**Exercise directions:** Write out the records beneath this line exactly as they appear, minus any images.

(Stored items)
- Opening Delimiter -

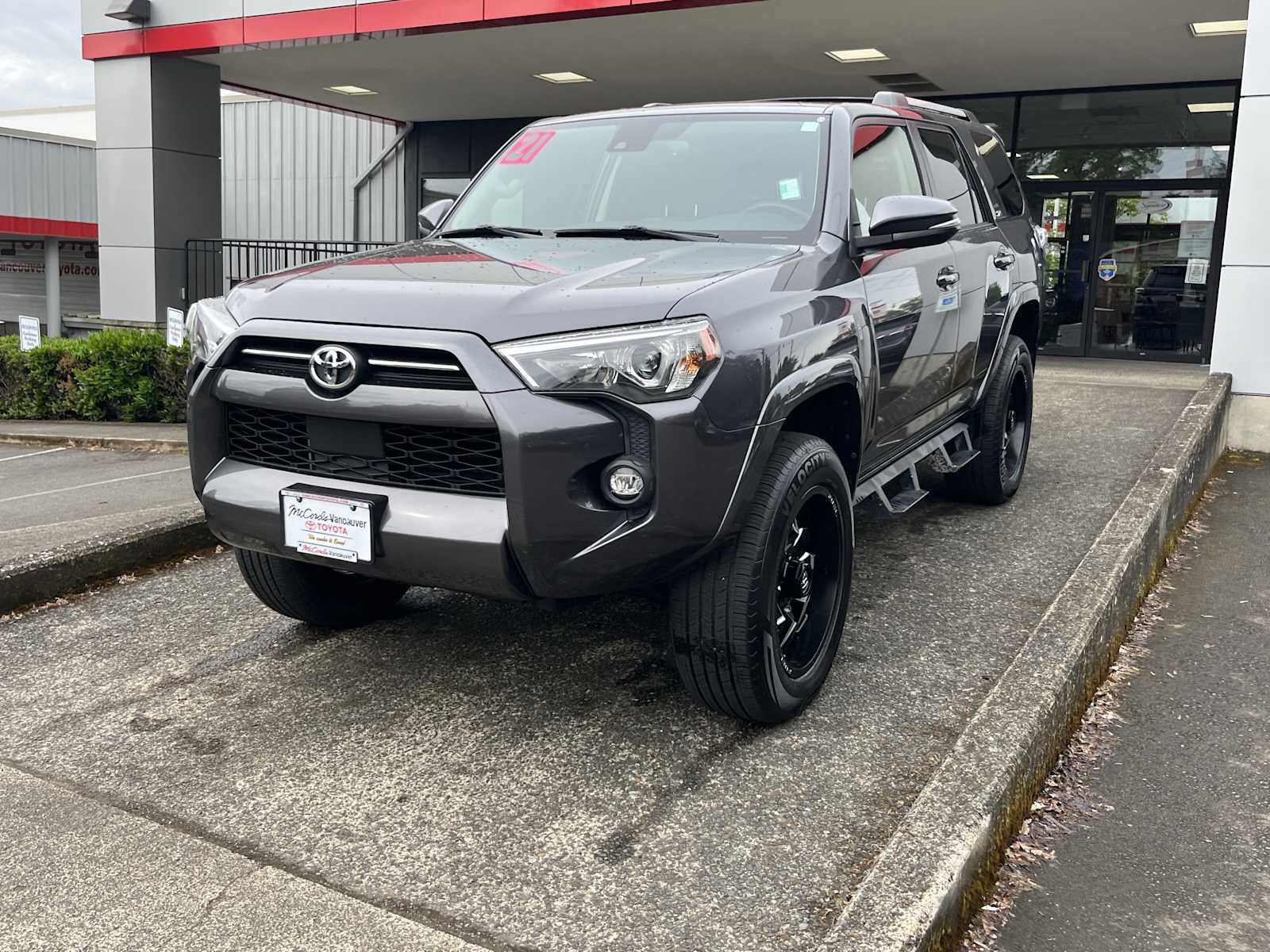 Certified 2021 Toyota 4Runner SR5 Premium w/ Moonroof Package AWD/4WD image 3
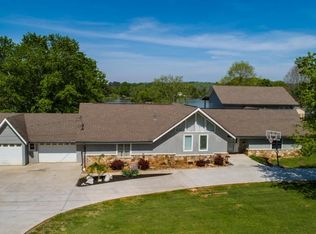 162 Lakeside Dr, Kingston, TN 37763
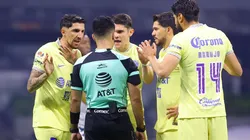 El plantel del América durante un reclamo con el árbitro.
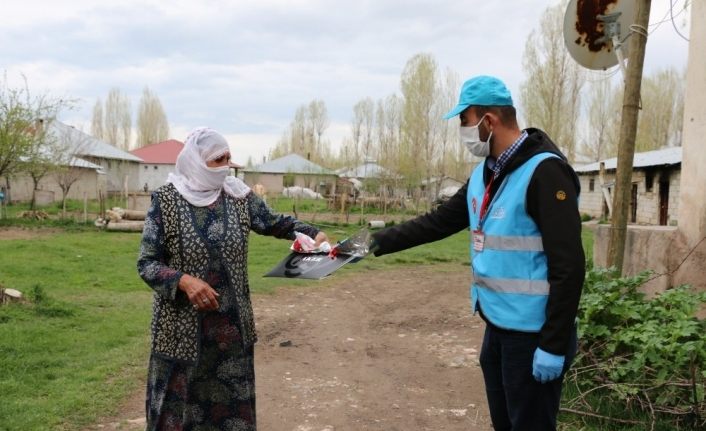 Erciş’te 100 yaş ve üstü kadınların Anneler Günü kutlandı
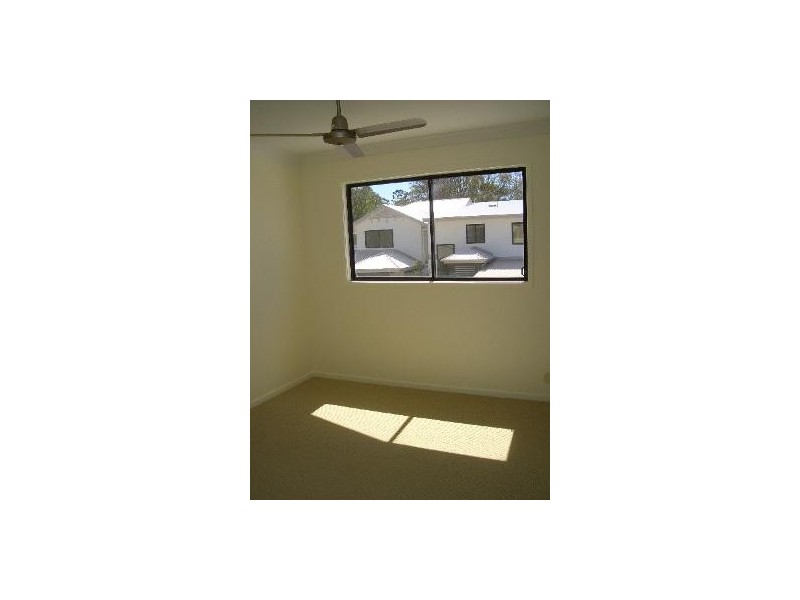 Unit 21/653-654 Seashells, The Esplanade, Urangan QLD 4655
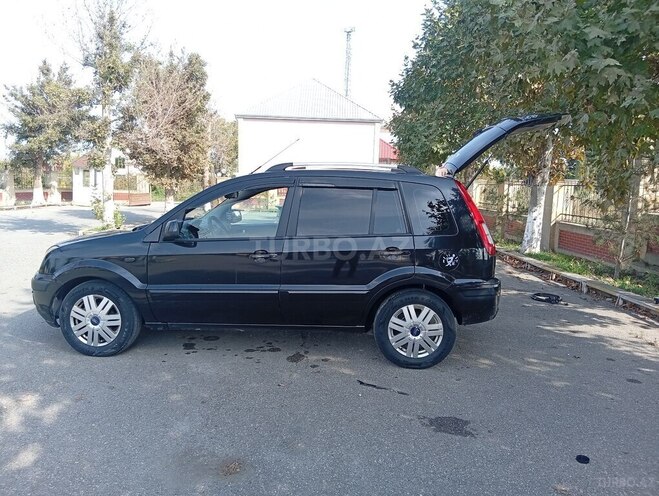 Ford Fusion 2010, 300,000 km - 1.4 l - Xaçmaz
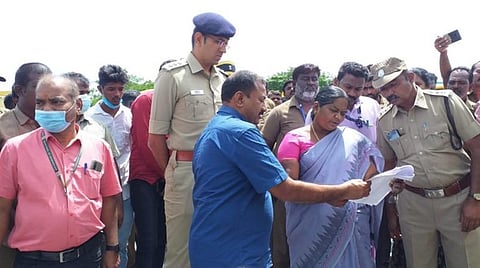 பள்ளிப் பெருந்து ஓட்டுநர்கள் பொறுப்புடன் செயல்பட வேண்டும்: ஓசூர் கோட்டாட்சியர்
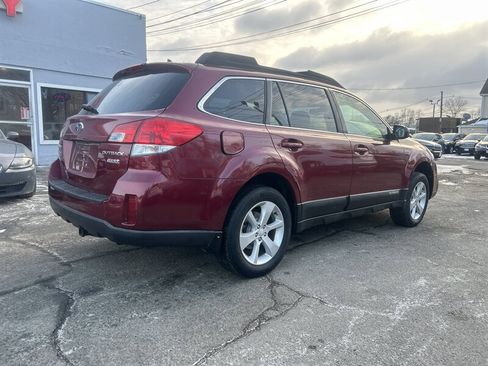 Used 2014 Subaru Outback 2.5i Premium image 4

- Closing Delimiter -

**Answer box:**
 Certified 2021 Toyota 4Runner SR5 Premium w/ Moonroof Package AWD/4WD image 3
 162 Lakeside Dr, Kingston, TN 37763
 El plantel del América durante un reclamo con el árbitro.
 Erciş’te 100 yaş ve üstü kadınların Anneler Günü kutlandı
 Unit 21/653-654 Seashells, The Esplanade, Urangan QLD 4655
 Ford Fusion 2010, 300,000 km - 1.4 l - Xaçmaz
 பள்ளிப் பெருந்து ஓட்டுநர்கள் பொறுப்புடன் செயல்பட வேண்டும்: ஓசூர் கோட்டாட்சியர்
 Used 2014 Subaru Outback 2.5i Premium image 4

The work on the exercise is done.